MMP-sensitive substrate peptide was synthesized as previously reported. Briefly, the side chain protected MMP substrate, GPLGVRGKGG, was synthesized manually on 2-Cl-Trt resin at 0.1 mmol scale using the standard Fmoc (N-(9-fluorenyl) methoxycarbonyl) protocol and (benzotriazol-1-yloxy) tripyrrolidinophosphonium hexafluorophosphate (PyBOP) activation. The MMP substrate is recognized and cleaved between Gly and Val as indicated by bold italics. After being released from the resin by Dichloromethane (DCM) containing 1% trifluoroacetic acid (TFA), the peptide was purified by RP-HPLC on a C18 semi-preparative column using a linear gradient of 10% to 55% acetonitrile/water (0.1% TFA) for 30 min at a 10 ml/min flow rate, and then lyophilized. Next, the side-chain protected MMP substrate was reacted with a black hole quencher-3 (BHQ-3) in DMF solution containing 2 % of DIPEA for 2 hours. After purification, BHQ-3 conjugated MMP substrate (peptide-BHQ3, PQ) was precipitated in cold ether. The pellet was collected by centrifuge and dissolved in TFA cocktail for 2 hours to remove the side chain protection group. After that, free amine on Lysine was exposed for conjugation with CuS. All the final products were confirmed by analytical reversed-phase high performance liquid chromatography (RP-HPLC, DIONEX, CA), using 5% to 65% acetonitrile containing 0.1% TFA versus distilled water containing 0.1 % TFA over 30 min at a flow rate of 1 ml/min (C18 column, 5 μm, 120Ao, 250 × 4.6 mm) and LC-mass spectroscopy. The purity of the product is > 95%. The obtained peptide-BHQ3 (PQ) probe was dissolved in dimethyl sulphoxide (DMSO) solution and stored in -20 oC

Preparation of CuS-peptide-BHQ3 (CPQ) complex

~ 1 mg of N-(3-dimethylaminopro-pylN'-ethylcarbodiimide) hydrochloride (EDC, Sigma-Aldrich) and ~1 mg of Sulfo-NHS was firstly added to the solution of CuS solution (0.8 mg/ml, 200 μl) at pH 7.4 to activate the carboxyl group of CuS nanoparticles. After 20 min, 10 ml of PQ (20 mg/ml) with amino groups was added into the solution and reacted over night at room temperature by avoiding light. Excess PQ was removed by centrifugation at 15,000 rpm and washed away with ultra pure water for two times.

Enzyme activity test

The activity of the CPQ nano-probe was investigated by incubating the probe (0.8 mg/ml) in the reaction buffer (50 mM Tris•HCl, 10 mM CaCl2•2H2O, 0.15 M NaCl, 0.05% Brij35; pH 7.8 TCNB buffer) containing 40 nM of catalytic domain of MMP-13. The UV-vis-NIR spectrums of the samples were measured using a spectrofluorometer (F-7000 Fluorescence Spectrophotometer, Hitach, Tokyo, Japan) at indicated time at 37 °C for 6 h. Each time before samples were measured, cleaved BHQ3 containing fragment was removed by centrifuge. Three independent experiments were conducted in parallel.

Xenograft tumor models

All cell culture related reagents were purchased from Gibico. SCC7 breast cancer cells were cultured in RPMI-1640 cell medium supplemented with 10% FBS and 1% penicillin-streptomycin. Athymic nude mice were obtained from Harlan laboratories (Frederick, USA) under protocols approved by National Institutes of Health Clinical Center Animal Care and Use Committee (CC/ACUCC). The SCC7 tumor models were generated by subcutaneous injection of 1×106 cells in 60 μl PBS into the right backside of nude mice. The mice were used for treatment when the tumor volume reached ~100 mm3.

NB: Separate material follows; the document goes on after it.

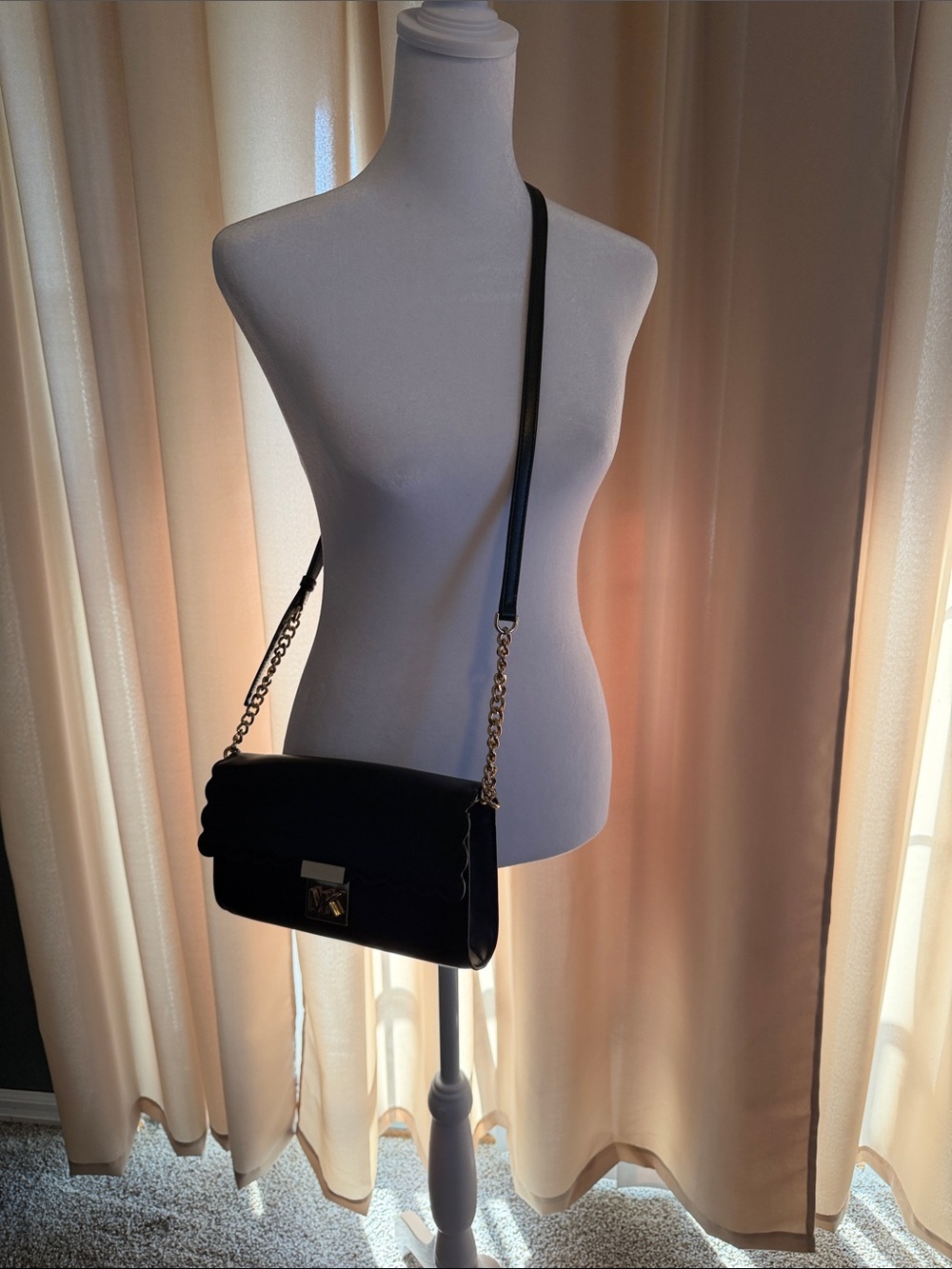Michael Kors Black Quilted Crossbody with Gold Chain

In vivo photoacoustic (PA) imaging

For PA imaging, nude mice bearing SCC7 tumors were intratumorally injected with CPQ (100 µl, 0.8 mg/ml) and imaged at different time points post injection by a Vevo 2100 LAZR system (VisualSonics Inc.) at wavelength at 680 nm and 930 nm which are contributed by BHQ3 and CuS nanoparticles, respectively. For quantitative calculation, the regions of interest (ROI) were drawn over tumor, with the averaged PA signals measured.

Results

Preparation of CuS-peptide-BHQ3 (CPQ)

We prepared CuS nanoparticles in the aqueous solution following a literature protocol 25. In brief, copper chloride (CuCl2) was reacted with sodium sulfide (Na2S) in the present of sodium citrate upon stirring overnight. The citrate-coated CuS nanoparticles were obtained and washed by centrifugation at 15,000 rpm to remove excess reagents 25. Transmission electron microscopy (TEM) image showed that the size of CuS nanoparticles was about 20 nm (Fig. 2a). UV-vis-NIR spectrum of CuS nanoparticles revealed a high NIR absorbance band (Fig. 2b). The citrate-coated CuS nanoparticles were very stable in different physiological solutions including phosphate buffer (PBS), fetal bovine serum (FBS) and cell medium (Fig. 2b). In order to study the cytotoxicity of CuS, the standard methyl thiazolyltetrazolium (MTT) assay was carried out to determine relative viabilities of SCC7 breast cancer cells after being incubated with various concentrations of CuS nanoparticles for 24 h. No obvious toxicity of those nanoparticles to cells was observed even at high concentrations up to 100 µg/ml (Supplementary Material: Figure S1).

Figure 2

The characterization of CuS nanoparticles and CPQ nano-probe. (a) A TEM image of CuS nanoparticles showing the average particle size at ~ 20 nm. (b) UV-vis-NIR spectral of CuS nanoparticles in water solution. Inset: the photos of CuS solution (0.8 mg/ml) in different solutions including water, PBS, FBS and cell medium. (c) UV-vis-NIR spectral of CuS nanoparticles before and after conjugation of peptide-BHQ3. (d)The size and Zeta potential distribution of CuS nanoparticles, CPQ nano-probe, and the CPQ after enzyme cleavage. Conjugation of peptide-BHQ3 resulted in the significant increase of the nanoparticle zeta potential, which decreased again after enzyme cleavage.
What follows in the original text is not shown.